**Your instructions**
Could you copy every line in the listing below that has the word "ceiling"?

**Data to use**

-------

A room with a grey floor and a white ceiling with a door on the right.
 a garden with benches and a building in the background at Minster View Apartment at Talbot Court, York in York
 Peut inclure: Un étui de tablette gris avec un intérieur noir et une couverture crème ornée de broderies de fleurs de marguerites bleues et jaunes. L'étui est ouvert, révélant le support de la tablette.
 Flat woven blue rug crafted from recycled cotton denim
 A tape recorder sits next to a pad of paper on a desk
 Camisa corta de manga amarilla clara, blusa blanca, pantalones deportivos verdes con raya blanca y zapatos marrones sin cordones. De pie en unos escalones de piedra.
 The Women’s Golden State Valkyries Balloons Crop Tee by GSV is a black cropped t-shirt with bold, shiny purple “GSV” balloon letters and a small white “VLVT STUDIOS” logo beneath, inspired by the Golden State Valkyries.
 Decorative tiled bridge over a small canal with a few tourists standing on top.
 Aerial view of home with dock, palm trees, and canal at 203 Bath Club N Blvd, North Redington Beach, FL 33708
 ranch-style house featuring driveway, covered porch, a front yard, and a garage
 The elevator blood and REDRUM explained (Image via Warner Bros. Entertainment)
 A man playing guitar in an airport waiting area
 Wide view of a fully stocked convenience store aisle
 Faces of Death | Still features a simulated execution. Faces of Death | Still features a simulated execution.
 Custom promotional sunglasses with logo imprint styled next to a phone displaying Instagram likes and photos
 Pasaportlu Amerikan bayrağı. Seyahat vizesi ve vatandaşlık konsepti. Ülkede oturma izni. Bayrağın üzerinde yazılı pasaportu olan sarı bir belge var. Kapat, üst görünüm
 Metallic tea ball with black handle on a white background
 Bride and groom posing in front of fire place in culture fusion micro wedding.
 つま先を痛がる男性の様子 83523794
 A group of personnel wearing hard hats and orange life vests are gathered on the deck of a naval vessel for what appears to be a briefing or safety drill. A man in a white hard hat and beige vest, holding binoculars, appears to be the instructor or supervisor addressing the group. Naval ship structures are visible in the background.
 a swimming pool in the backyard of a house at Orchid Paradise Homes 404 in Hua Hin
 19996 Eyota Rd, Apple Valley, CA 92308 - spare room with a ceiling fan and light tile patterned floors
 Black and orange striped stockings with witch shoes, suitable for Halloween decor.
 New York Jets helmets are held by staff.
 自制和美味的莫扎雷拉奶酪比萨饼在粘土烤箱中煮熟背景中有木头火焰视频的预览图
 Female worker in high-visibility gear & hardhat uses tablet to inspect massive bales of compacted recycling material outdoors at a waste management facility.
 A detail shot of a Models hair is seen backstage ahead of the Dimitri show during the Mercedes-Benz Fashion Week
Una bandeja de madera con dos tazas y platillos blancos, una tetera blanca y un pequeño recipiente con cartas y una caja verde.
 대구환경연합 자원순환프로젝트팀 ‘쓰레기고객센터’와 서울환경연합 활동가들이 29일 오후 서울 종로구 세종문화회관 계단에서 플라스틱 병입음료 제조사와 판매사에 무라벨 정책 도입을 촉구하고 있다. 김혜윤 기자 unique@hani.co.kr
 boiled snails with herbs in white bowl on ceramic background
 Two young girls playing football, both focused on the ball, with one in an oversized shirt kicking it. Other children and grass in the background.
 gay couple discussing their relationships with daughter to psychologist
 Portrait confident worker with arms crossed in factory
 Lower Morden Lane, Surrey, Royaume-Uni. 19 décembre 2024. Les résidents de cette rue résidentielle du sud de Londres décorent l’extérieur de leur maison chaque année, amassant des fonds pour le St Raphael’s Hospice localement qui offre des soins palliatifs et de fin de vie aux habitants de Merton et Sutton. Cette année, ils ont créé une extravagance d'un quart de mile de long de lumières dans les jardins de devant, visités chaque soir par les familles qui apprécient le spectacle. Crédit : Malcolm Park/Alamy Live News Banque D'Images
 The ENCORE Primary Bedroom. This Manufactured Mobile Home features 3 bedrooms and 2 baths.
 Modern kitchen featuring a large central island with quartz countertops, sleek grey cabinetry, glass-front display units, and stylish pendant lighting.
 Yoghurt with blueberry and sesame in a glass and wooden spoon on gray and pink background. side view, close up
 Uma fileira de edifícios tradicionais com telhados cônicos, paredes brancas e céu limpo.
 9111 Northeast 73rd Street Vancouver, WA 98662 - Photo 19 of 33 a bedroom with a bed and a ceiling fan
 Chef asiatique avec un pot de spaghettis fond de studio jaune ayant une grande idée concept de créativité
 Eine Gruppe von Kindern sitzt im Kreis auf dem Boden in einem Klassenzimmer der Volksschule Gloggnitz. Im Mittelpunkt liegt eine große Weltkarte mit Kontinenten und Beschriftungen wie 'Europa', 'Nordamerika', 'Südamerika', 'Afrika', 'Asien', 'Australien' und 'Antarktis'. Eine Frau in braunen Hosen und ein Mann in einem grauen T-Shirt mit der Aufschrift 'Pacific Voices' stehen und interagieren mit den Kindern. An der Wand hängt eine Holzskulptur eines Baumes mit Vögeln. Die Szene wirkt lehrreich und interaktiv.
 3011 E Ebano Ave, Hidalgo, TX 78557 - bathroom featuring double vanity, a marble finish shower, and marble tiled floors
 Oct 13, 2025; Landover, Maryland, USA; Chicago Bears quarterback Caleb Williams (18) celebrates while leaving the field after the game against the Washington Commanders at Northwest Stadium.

-------

**Written solution**
A room with a grey floor and a white ceiling with a door on the right.
 19996 Eyota Rd, Apple Valley, CA 92308 - spare room with a ceiling fan and light tile patterned floors
 9111 Northeast 73rd Street Vancouver, WA 98662 - Photo 19 of 33 a bedroom with a bed and a ceiling fan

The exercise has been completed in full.